REQUIRED ACTION:
Without the pictures, copy all the entries below exactly.

Web page caption snippets:
###

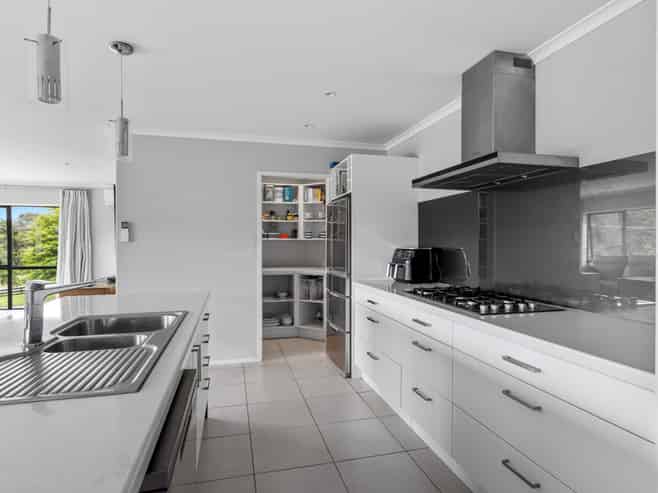 7 Pebble Brook Road, Wainui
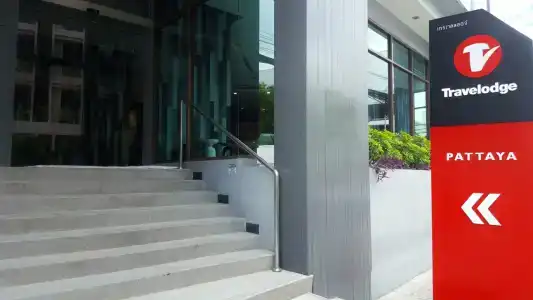 Travelodge Pattaya - 13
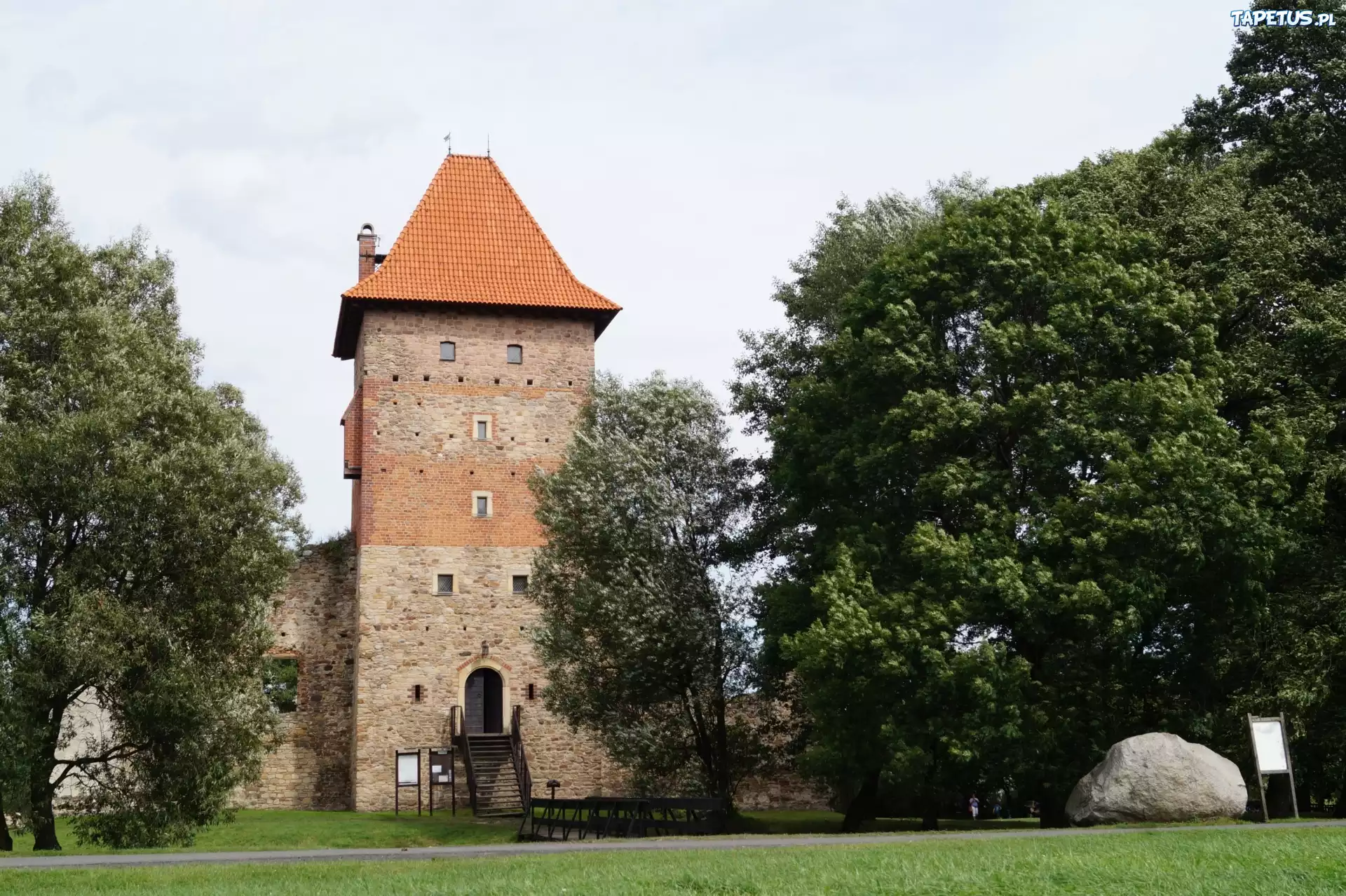 Zamek Chudów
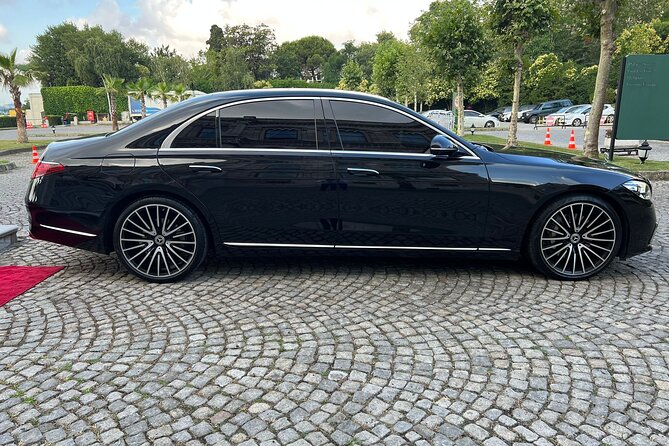 First Class Business Sedan Airport Transfer Services in Istanbul - The Ride Itself: Private, Air-Conditioned, and Built for Comfort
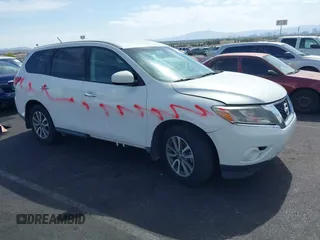 2014 Nissan Pathfinder Platinum with VIN 5N1AR2MM8EC607106, listed as a IAAI auction lot 42373613 with 127,266 mi miles and . Bid and sale history available at DreamBid. Image 1.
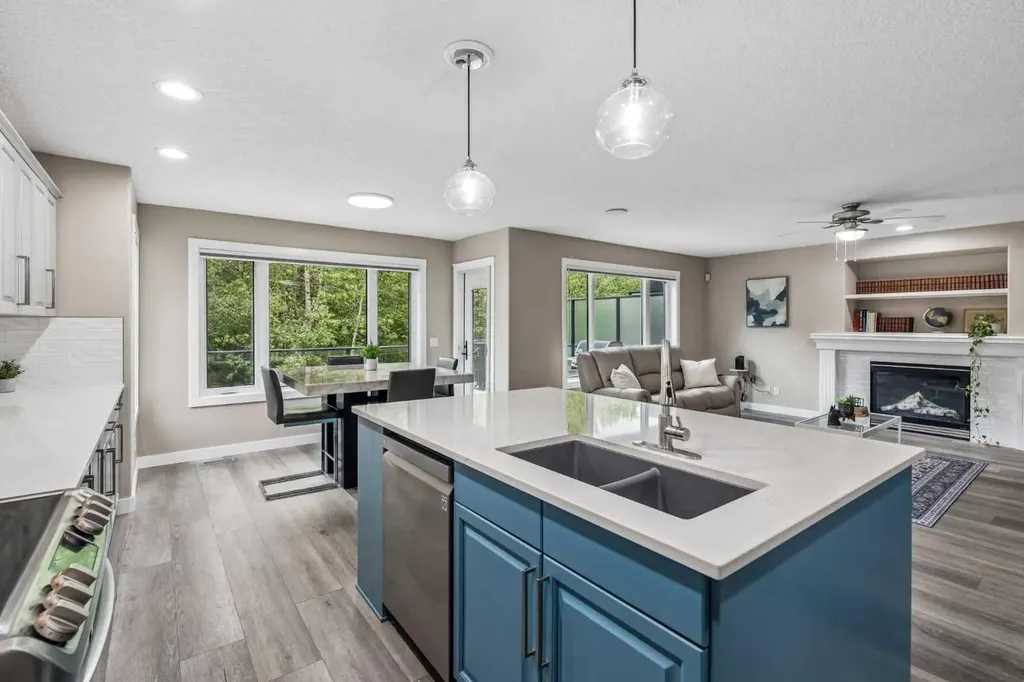 90 Royal Oak Grove NW Calgary AB T3G 5L8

###

ANSWER BOX:
 7 Pebble Brook Road, Wainui
 Travelodge Pattaya - 13
 Zamek Chudów
 First Class Business Sedan Airport Transfer Services in Istanbul - The Ride Itself: Private, Air-Conditioned, and Built for Comfort
 2014 Nissan Pathfinder Platinum with VIN 5N1AR2MM8EC607106, listed as a IAAI auction lot 42373613 with 127,266 mi miles and . Bid and sale history available at DreamBid. Image 1.
 90 Royal Oak Grove NW Calgary AB T3G 5L8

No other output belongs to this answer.